As dificuldades de se atravessar o deserto do Saara mesmo com as pace notes corretas fez com que as penalidades escalassem de forma exponencial. Somente 19 carros terminaram a prova e os brasileiros foram um deles. Infelizmente há poucos relatos sobre a aventura da dupla no rali. Um dos poucos disponíveis foi publicado por Fernando Calmon na revista “O Cruzeiro” de 12 de junho de 1974:

Cláudio Muller (piloto) e Carlos Weck (navegador campeão brasileiro de rallies) retornaram a Porto Alegre depois de atuação sensacional e heróica no Rally da Copa do Mundo. A dupla da equipe Aplub levou seu VW-Brasilia ao nono lugar na categoria e 16º na classificação geral. Quando saíram do Brasil para a aventura de mais de 20 dias, sem nenhum esquema de apoio ao carro durante todo o trajeto superior a 17.000 quilômetros, muitos afirmavam que não passariam da metade do caminho.

Largando de Londres, no dia 5 de maio, juntamente com 70 concorrentes de vários países, a dupla gaúcha terminou o trecho europeu em 13.° lugar entre 60 equipes ainda competindo. O trecho no norte da Africa foi arrasador. Carros perdidos no deserto do Saara e grande número de abandonos fizeram com que os organizadores interrompessem o rally em Tamanrasset a fim de alguém conseguir chegar a Munique.

Uma pedra destraiu o câmbio do Brasília e enquanto Muller providenciava os consertos, Weck viajou de táxi aéreo até Tânger. Auxiliado pelo sr. Márcio Dias, da embaixada brasileira, conseguiu comprar as peças do câmbio com grande dificuldade. Reiniciado o rally (estavam já em sexto lugar por causa das desistências) capotaram na Turquia ao falhar os freios do carro. Desviraram o Brasilia e prosseguiram.
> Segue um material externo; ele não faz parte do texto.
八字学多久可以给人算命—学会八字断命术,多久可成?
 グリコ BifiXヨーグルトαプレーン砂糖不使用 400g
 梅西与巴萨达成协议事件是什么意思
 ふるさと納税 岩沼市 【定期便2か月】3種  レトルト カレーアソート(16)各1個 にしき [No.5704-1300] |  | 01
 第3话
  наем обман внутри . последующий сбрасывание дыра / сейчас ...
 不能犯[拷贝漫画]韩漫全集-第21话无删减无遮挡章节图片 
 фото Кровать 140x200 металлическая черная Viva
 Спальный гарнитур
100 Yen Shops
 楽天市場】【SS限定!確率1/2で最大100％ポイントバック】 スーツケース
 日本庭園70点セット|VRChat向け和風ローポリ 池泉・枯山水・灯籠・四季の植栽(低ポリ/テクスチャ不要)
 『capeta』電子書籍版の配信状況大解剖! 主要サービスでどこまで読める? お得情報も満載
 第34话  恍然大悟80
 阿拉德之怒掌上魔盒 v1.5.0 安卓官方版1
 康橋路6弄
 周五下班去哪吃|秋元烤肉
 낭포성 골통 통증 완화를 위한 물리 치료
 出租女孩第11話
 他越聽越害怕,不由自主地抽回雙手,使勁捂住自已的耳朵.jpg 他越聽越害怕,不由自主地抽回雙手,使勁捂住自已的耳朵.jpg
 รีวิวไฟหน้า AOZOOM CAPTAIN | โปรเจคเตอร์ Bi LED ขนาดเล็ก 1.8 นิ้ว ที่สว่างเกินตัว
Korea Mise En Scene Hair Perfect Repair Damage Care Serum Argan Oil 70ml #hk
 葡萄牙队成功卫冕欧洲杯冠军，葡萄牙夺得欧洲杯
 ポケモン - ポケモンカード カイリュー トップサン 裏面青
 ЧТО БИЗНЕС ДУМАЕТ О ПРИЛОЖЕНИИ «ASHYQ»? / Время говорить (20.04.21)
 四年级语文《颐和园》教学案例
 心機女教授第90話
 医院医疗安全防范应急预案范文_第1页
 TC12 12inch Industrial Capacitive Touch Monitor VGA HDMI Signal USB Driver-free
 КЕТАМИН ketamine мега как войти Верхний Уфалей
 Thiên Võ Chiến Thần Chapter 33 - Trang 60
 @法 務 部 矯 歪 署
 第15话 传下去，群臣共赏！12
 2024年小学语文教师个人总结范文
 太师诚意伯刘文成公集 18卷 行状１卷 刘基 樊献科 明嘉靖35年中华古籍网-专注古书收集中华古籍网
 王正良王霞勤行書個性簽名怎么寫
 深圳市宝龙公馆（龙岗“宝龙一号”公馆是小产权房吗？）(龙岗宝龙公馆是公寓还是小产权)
No extremo ocidental da Europa, a dupla enfrentou neve e ainda assim conseguiu ganhar alguns primes (trechos contra o relógio). No final, apenas 19 concorrentes sobraram. O Brasilia verde-amarelo da equipe Aplub e os pilotos Muller/Weck estavam entre os que podiam contar a história.

O rali foi vencido por um Citroën DS da Austrália, seguido por três Peugeot 504 TI apoiados pela própria fabricante. O Citroën chegou com uma vantagem de nada menos que 28 horas sobre o segundo colocado e mais de 63 horas à frente do quarto colocado. Mueller e Weck chegaram 13 dias depois, mas ainda assim cinco dias antes do último classificado, que terminou o rali 18 dias depois dos vencedores.

Como tantos carros de corrida do passado, esta Brasilia não existe mais — restou apenas seu capô original, que foi usado como referência para a reprodução fidedigna que repousa no Acervo do Museu do Automobilismo Brasileiro em Passo Fundo, no Rio Grande do Sul.